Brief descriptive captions
= = = = =

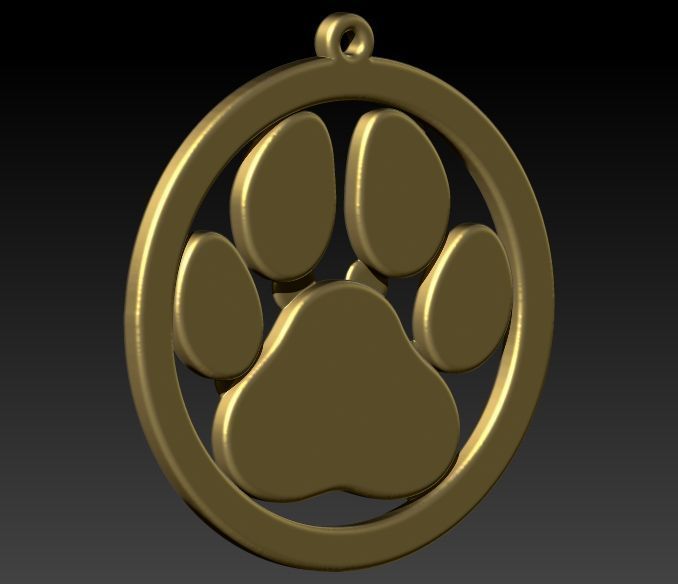 Dog Paw Print Pendant Hollow Footprint Necklace Memorial Jewelry 3D print model_7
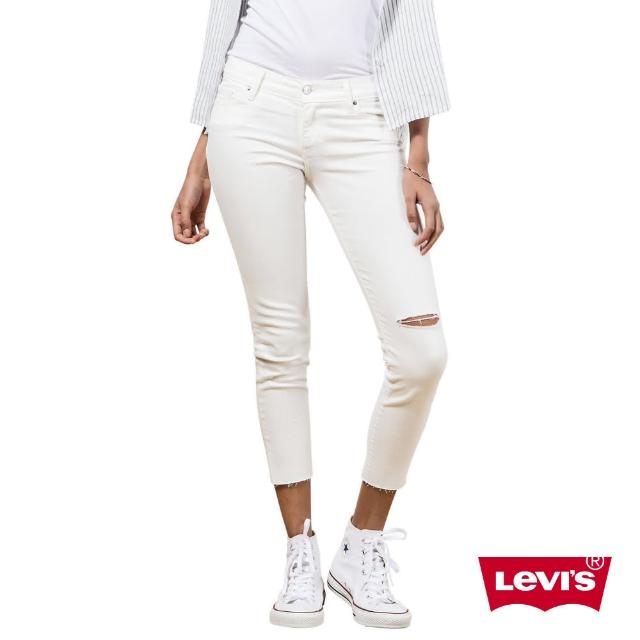 【Levis】711白色破壞中腰緊身窄管輕磅丹寧牛仔褲-亞洲版最新優惠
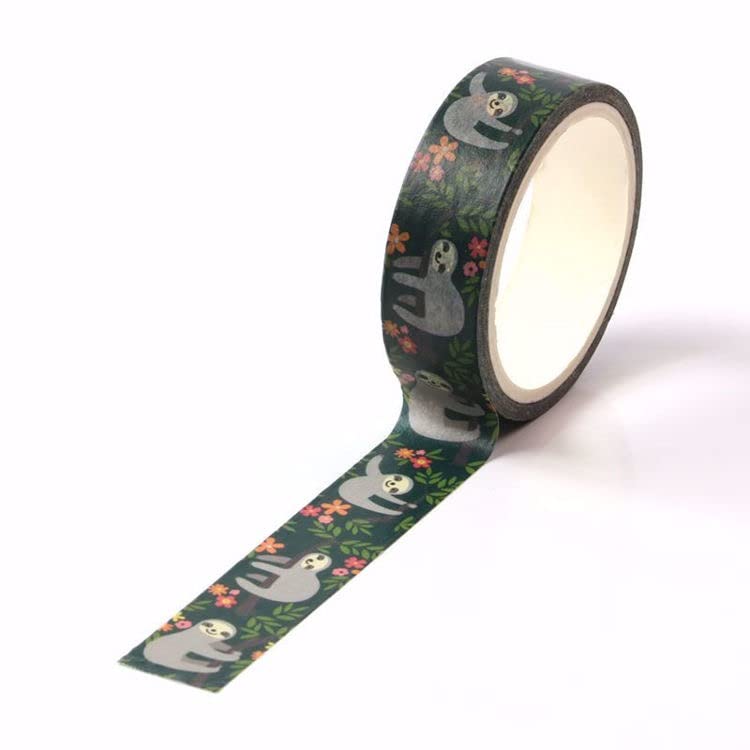 Cute Sloth Washi Tape,5/8" x 197 inches(15mm*5M) Cute Sloth Washi Tape, Masking Tape Craft Supplies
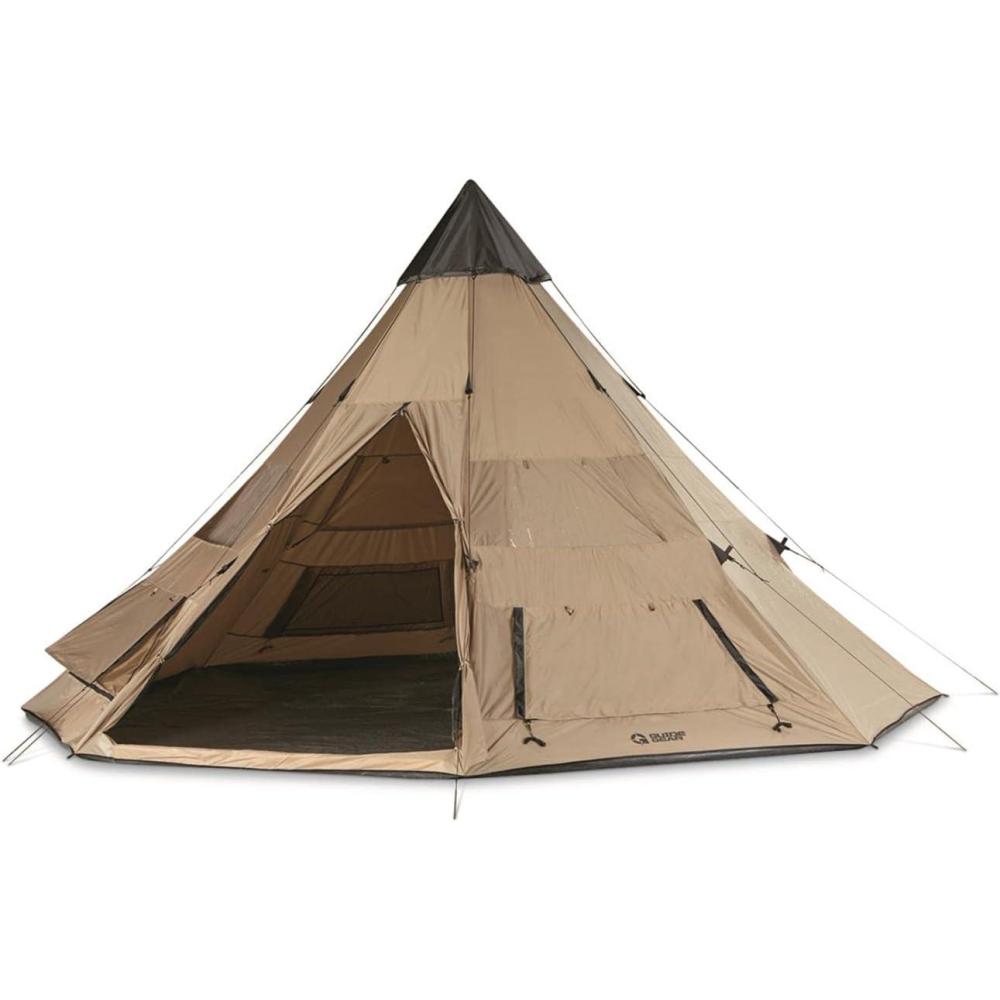 image:imageGuide Gear Camping Teepee Tent for Adults Outdoor Waterproof Family 8 Person 18 x 18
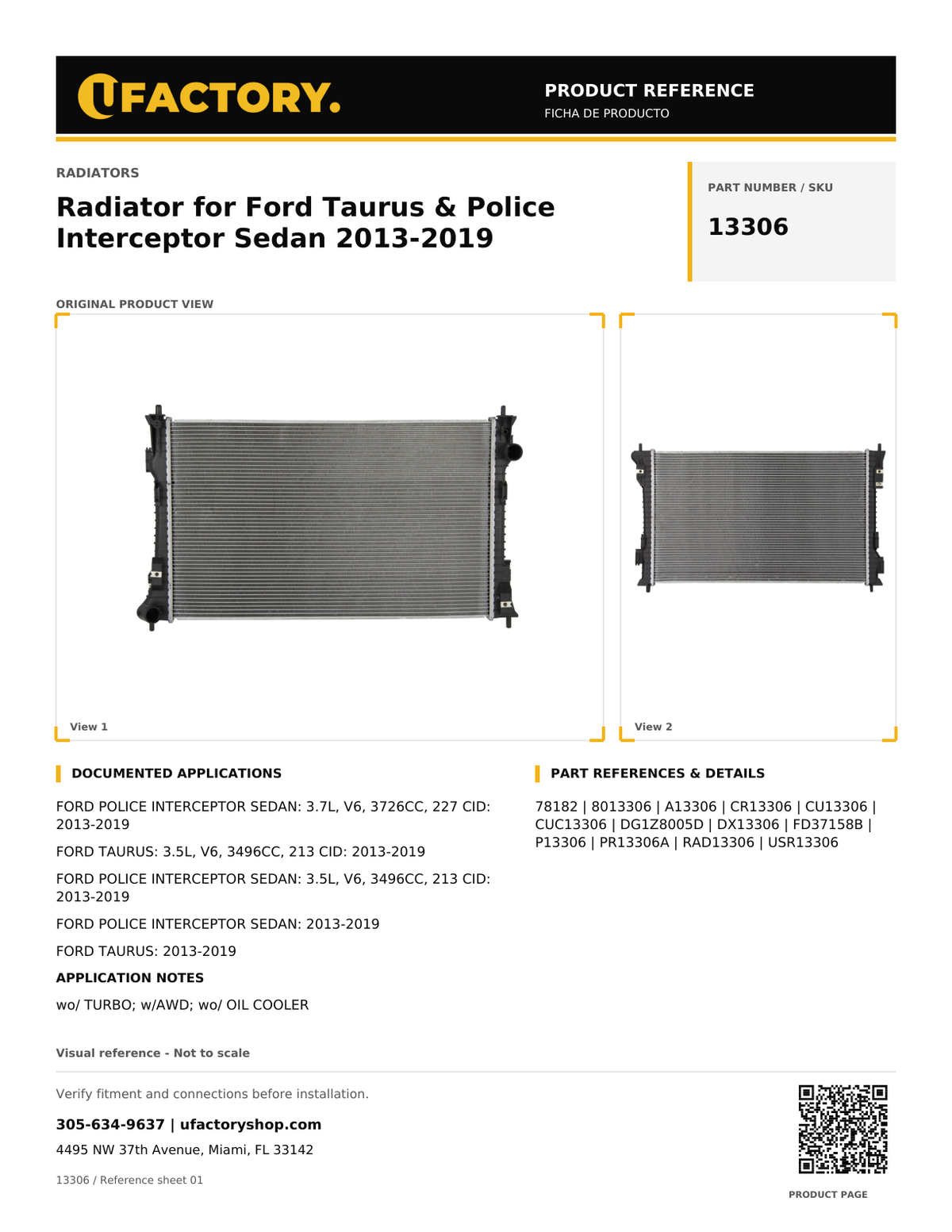 UFactory 13306 - product reference, page 1 of 1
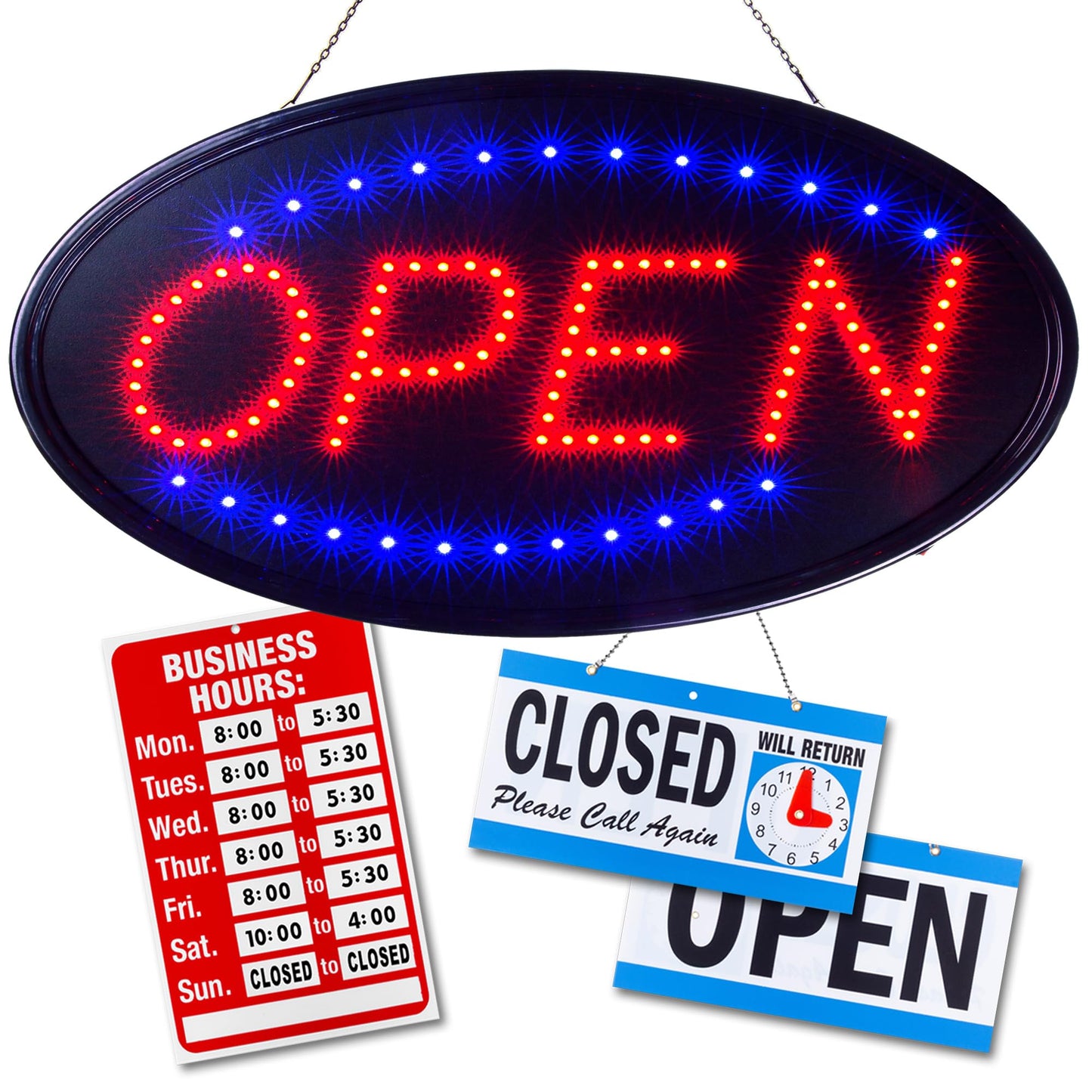 Ultima LED Neon Open Sign for Business: Oval LED Sign with Flashing Mode for Stores - Includes Business Hours and Open & Closed Signs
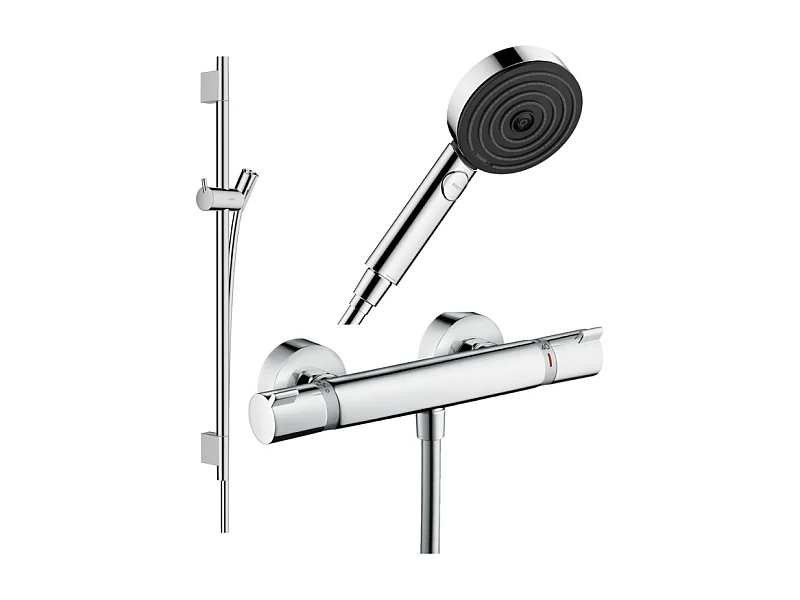 Pack mitigeur douche thermostatique HANSGROHE Ecostat Comfort + Barre Unica + flexible + Pommeau Pulsify Select 3 jets chromé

= = = = =

REQUIRED ACTION:
Each record should be given again exactly, with no picture carried over.

OUTPUT OF THE TASK:
 Dog Paw Print Pendant Hollow Footprint Necklace Memorial Jewelry 3D print model_7
 【Levis】711白色破壞中腰緊身窄管輕磅丹寧牛仔褲-亞洲版最新優惠
 Cute Sloth Washi Tape,5/8" x 197 inches(15mm*5M) Cute Sloth Washi Tape, Masking Tape Craft Supplies
 image:imageGuide Gear Camping Teepee Tent for Adults Outdoor Waterproof Family 8 Person 18 x 18
 UFactory 13306 - product reference, page 1 of 1
 Ultima LED Neon Open Sign for Business: Oval LED Sign with Flashing Mode for Stores - Includes Business Hours and Open & Closed Signs
 Pack mitigeur douche thermostatique HANSGROHE Ecostat Comfort + Barre Unica + flexible + Pommeau Pulsify Select 3 jets chromé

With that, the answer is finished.